╭──
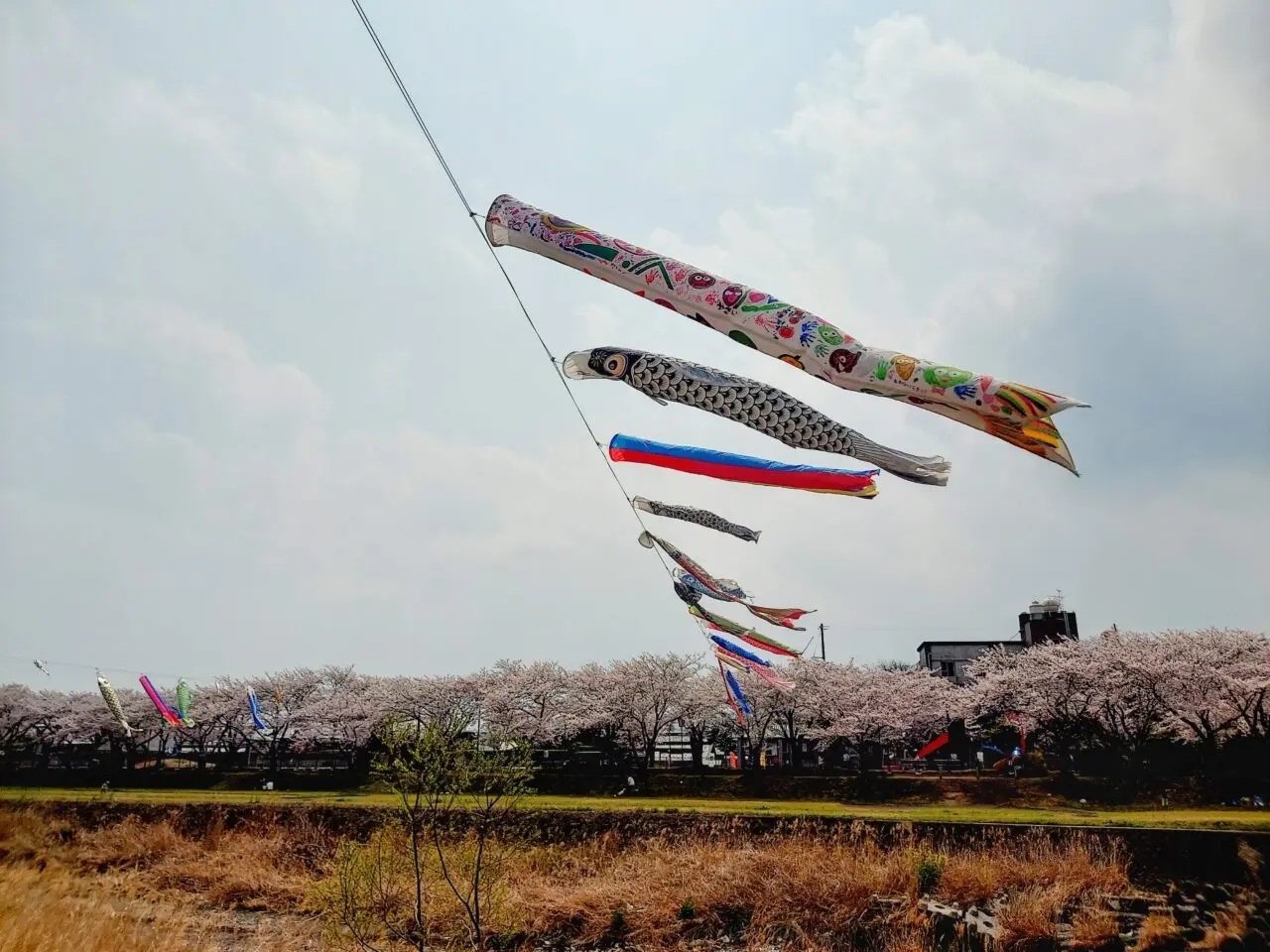 相川水辺公園相川こいのぼり2026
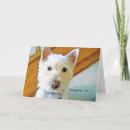 Search for westie lover cards Dog lovers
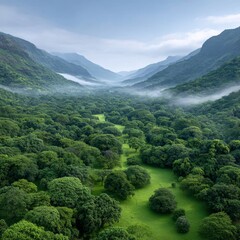Adventure in the lush jungle valley aerial view of green nature bathed in morning mist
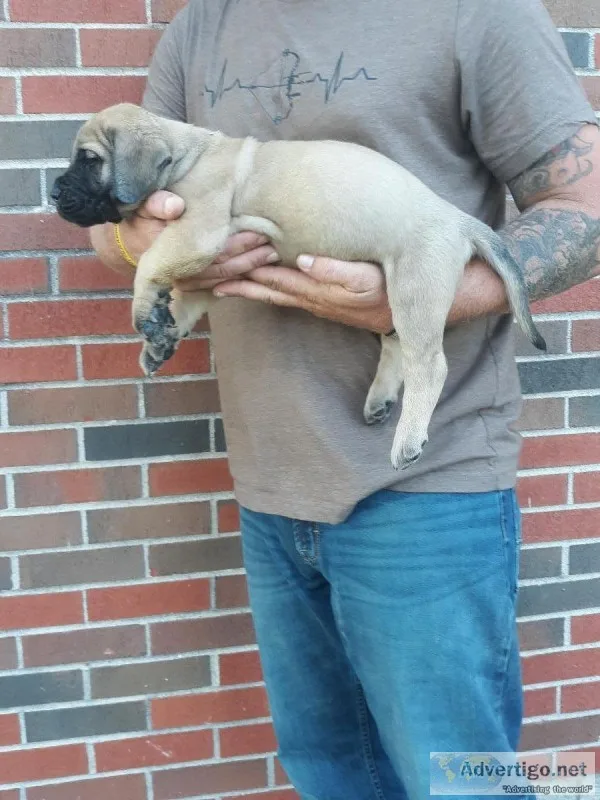 English mastiff puppy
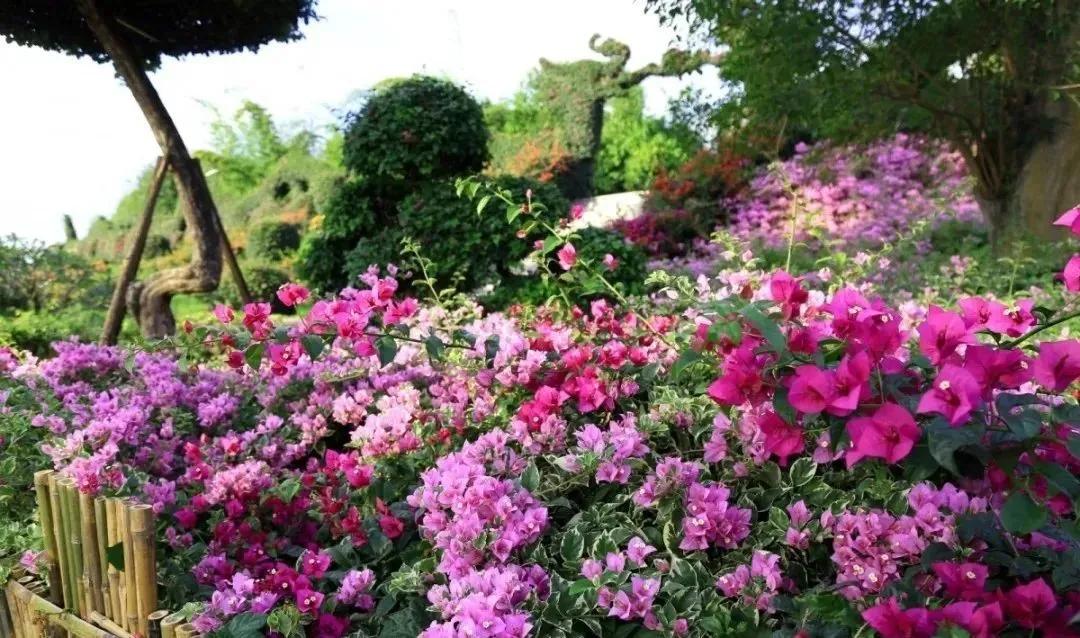 东南花都花博园全新升级鹿岛公园,东南花都花博园导览图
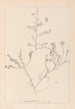 Herbier de la flore française Pl0227 - Louis Antoine Cusin — vista dell’opera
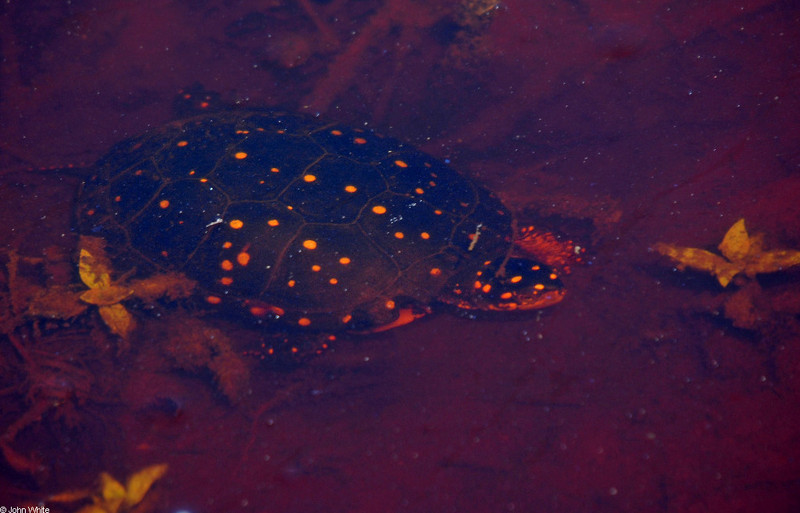 Spotted Turtle (Clemmys guttata)102.JPG
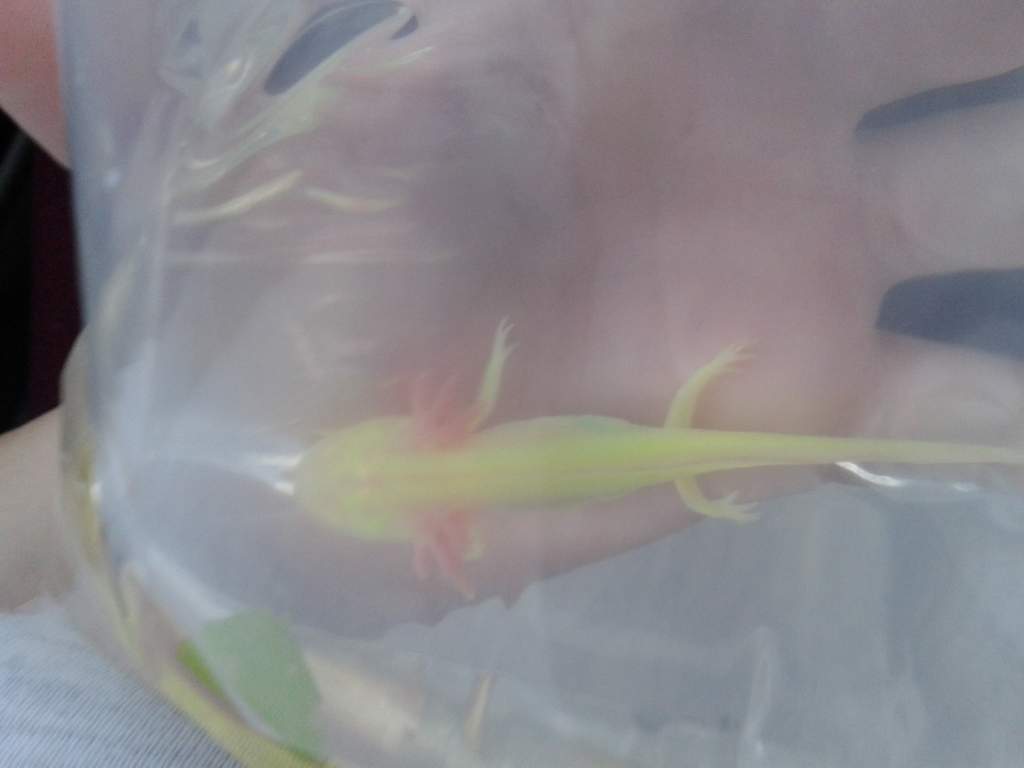 Bringing him home!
╰──
• _Task_: Could you retype the whole listing word for word, minus its pictures?

• _Result of this exercise_:
 相川水辺公園相川こいのぼり2026
 Search for westie lover cards Dog lovers
Adventure in the lush jungle valley aerial view of green nature bathed in morning mist
 English mastiff puppy
 东南花都花博园全新升级鹿岛公园,东南花都花博园导览图
 Herbier de la flore française Pl0227 - Louis Antoine Cusin — vista dell’opera
 Spotted Turtle (Clemmys guttata)102.JPG
 Bringing him home!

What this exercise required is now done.